The next step is to define a feedforward neural network where we express our parameters as distributions, and not single points as with traditional neural networks. For this we will use Dense to define liner layers and compose them via Chain, both are neural network primitives from Flux. The network nn_initial we created has two hidden layers with tanh activations and one output layer with sigmoid (σ) activation, as shown below.

nn-diagram

The nn_initial is an instance that acts as a function and can take data as inputs and output predictions. We will define distributions on the neural network parameters and use destructure from Flux to extract the parameters as parameters_initial. The function destructure also returns another function reconstruct that can take (new) parameters in and return us a neural network instance whose architecture is the same as nn_initial but with updated parameters.

# Construct a neural network using Flux
nn_initial = Chain(Dense(2, 3, tanh), Dense(3, 2, tanh), Dense(2, 1, σ))

# Extract weights and a helper function to reconstruct NN from weights
parameters_initial, reconstruct = Flux.destructure(nn_initial)

length(parameters_initial) # number of paraemters in NN

The probabilistic model specification below creates a parameters variable, which has IID normal variables. The parameters vector represents all parameters of our neural net (weights and biases).

# Create a regularization term and a Gaussian prior variance term.
alpha = 0.09
sig = sqrt(1.0 / alpha)

# Specify the probabilistic model.
@model function bayes_nn(xs, ts, nparameters, reconstruct)
    # Create the weight and bias vector.
    parameters ~ MvNormal(zeros(nparameters), sig .* ones(nparameters))

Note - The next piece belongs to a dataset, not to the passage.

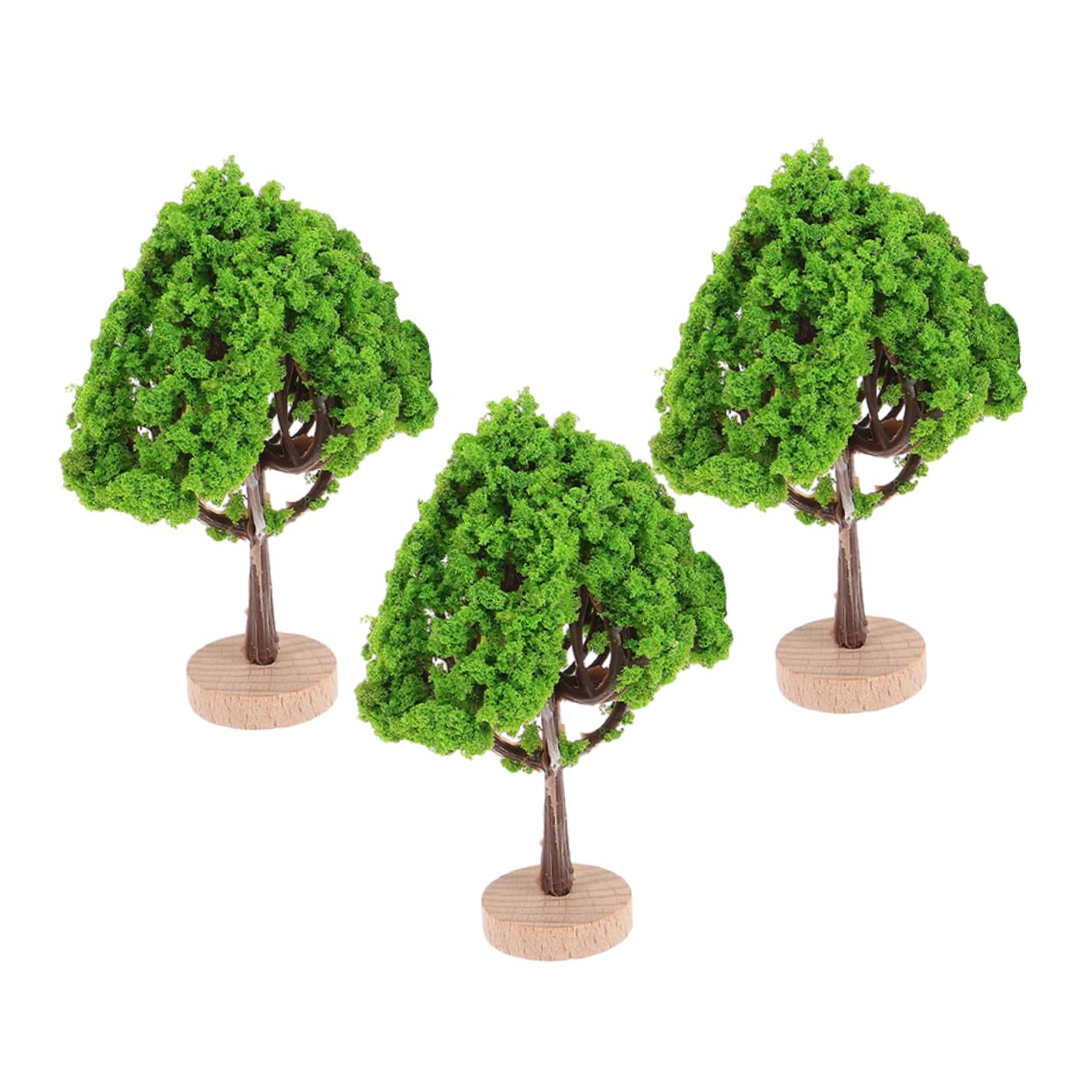 Arbres miniatures durables pour corriger le manque de réalisme de vos dioramas de train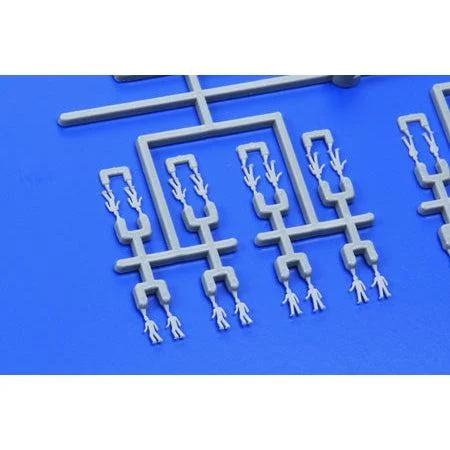 Tamiya 1/350 Crew Set (144 Pcs) - 12622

    # Construct NN from parameters
    nn = reconstruct(parameters)
    # Forward NN to make predictions
    preds = nn(xs)

    # Observe each prediction.
    for i in 1:length(ts)
        ts[i] ~ Bernoulli(preds[i])
    end
end;

Inference can now be performed by calling sample. We use the HMC sampler here.

# Perform inference.
N = 5000
ch = sample(
    bayes_nn(hcat(xs...), ts, length(parameters_initial), reconstruct), HMC(0.05, 4), N
);

Now we extract the parameter samples from the sampled chain as theta (this is of size 5000 x 20 where 5000 is the number of iterations and 20 is the number of parameters). We'll use these primarily to determine how good our model's classifier is.

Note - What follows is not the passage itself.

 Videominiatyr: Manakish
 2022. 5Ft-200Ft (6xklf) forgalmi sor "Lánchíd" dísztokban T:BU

# Extract all weight and bias parameters.
theta = MCMCChains.group(ch, :parameters).value;

Prediction Visualization

We can use MAP estimation to classify our population by using the set of weights that provided the highest log posterior.

# A helper to create NN from weights `theta` and run it through data `x`
nn_forward(x, theta) = reconstruct(theta)(x)

# Plot the data we have.
plot_data()

# Find the index that provided the highest log posterior in the chain.
_, i = findmax(ch[:lp])

# Extract the max row value from i.
i = i.I[1]

# Plot the posterior distribution with a contour plot
x1_range = collect(range(-6; stop=6, length=25))
x2_range = collect(range(-6; stop=6, length=25))
Z = [nn_forward([x1, x2], theta[i, :])[1] for x1 in x1_range, x2 in x2_range]
contour!(x1_range, x2_range, Z)

The contour plot above shows that the MAP method is not too bad at classifying our data.

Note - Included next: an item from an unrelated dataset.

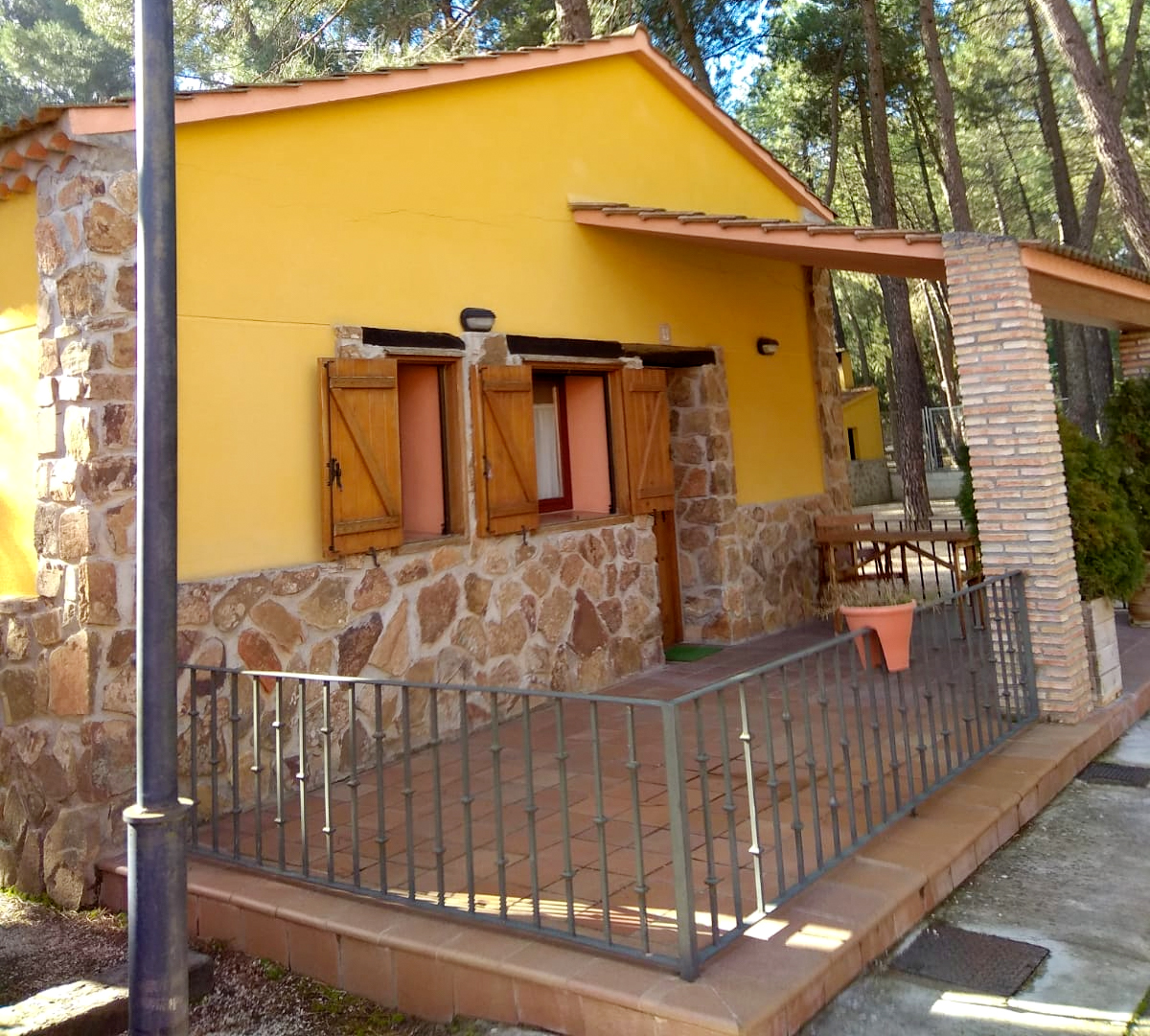 Cabaña rural en Cuenca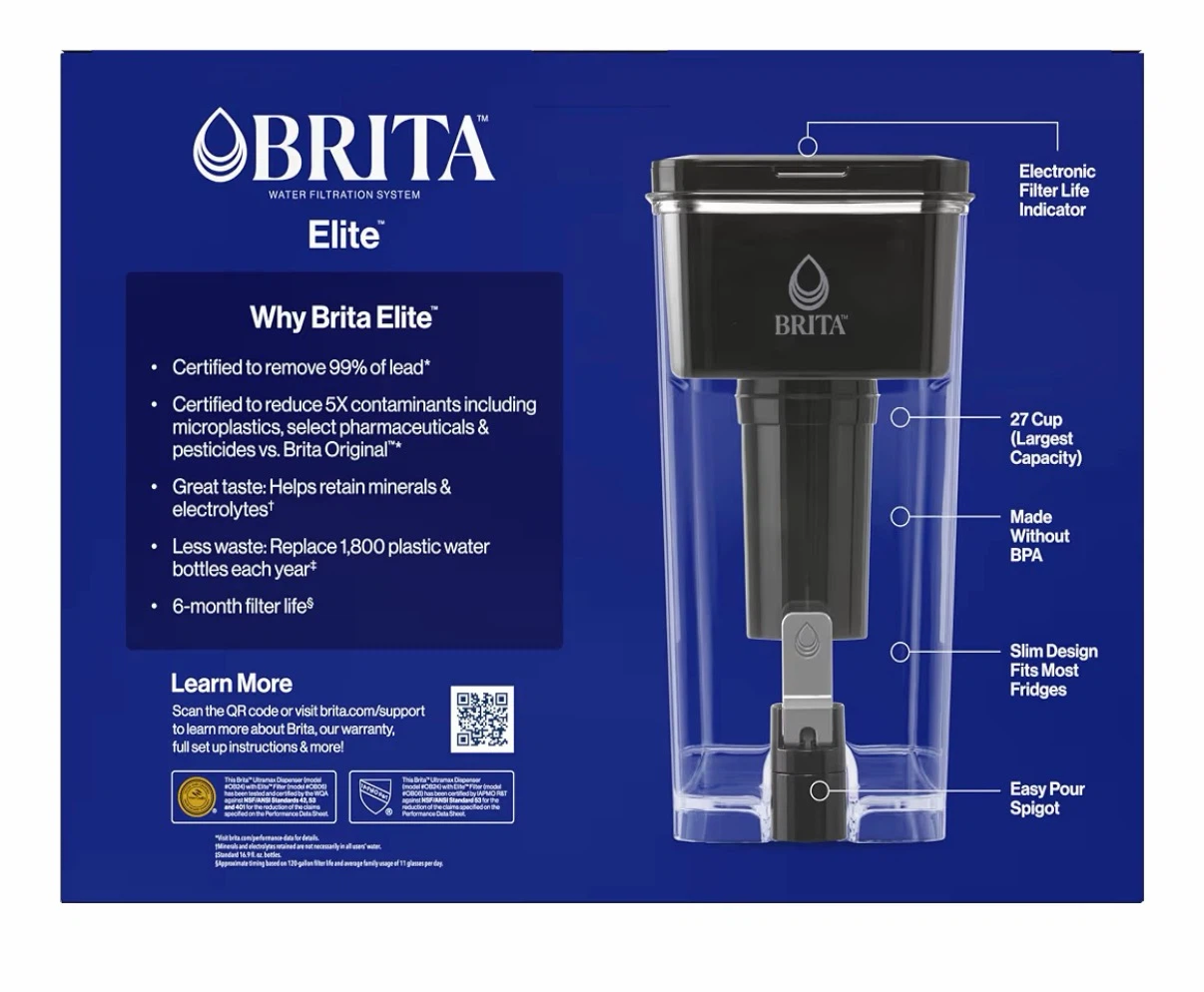 Brita Elite 27 Cup Water Dispenser - photo 3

Now we can visualize our predictions.

$$ p(\tilde{x} | X, \alpha) = \int_{\theta} p(\tilde{x} | \theta) p(\theta | X, \alpha) \approx \sum_{\theta \sim p(\theta | X, \alpha)}f_{\theta}(\tilde{x}) $$

The nn_predict function takes the average predicted value from a network parameterized by weights drawn from the MCMC chain.

# Return the average predicted value across
# multiple weights.
function nn_predict(x, theta, num)
    return mean([nn_forward(x, theta[i, :])[1] for i in 1:10:num])
end;

Next, we use the nn_predict function to predict the value at a sample of points where the x1 and x2 coordinates range between -6 and 6. As we can see below, we still have a satisfactory fit to our data, and more importantly, we can also see where the neural network is uncertain about its predictions much easier---those regions between cluster boundaries.

# Plot the average prediction.
plot_data()

n_end = 1500
x1_range = collect(range(-6; stop=6, length=25))
x2_range = collect(range(-6; stop=6, length=25))
Z = [nn_predict([x1, x2], theta, n_end)[1] for x1 in x1_range, x2 in x2_range]
contour!(x1_range, x2_range, Z)

Suppose we are interested in how the predictive power of our Bayesian neural network evolved between samples. In that case, the following graph displays an animation of the contour plot generated from the network weights in samples 1 to 1,000.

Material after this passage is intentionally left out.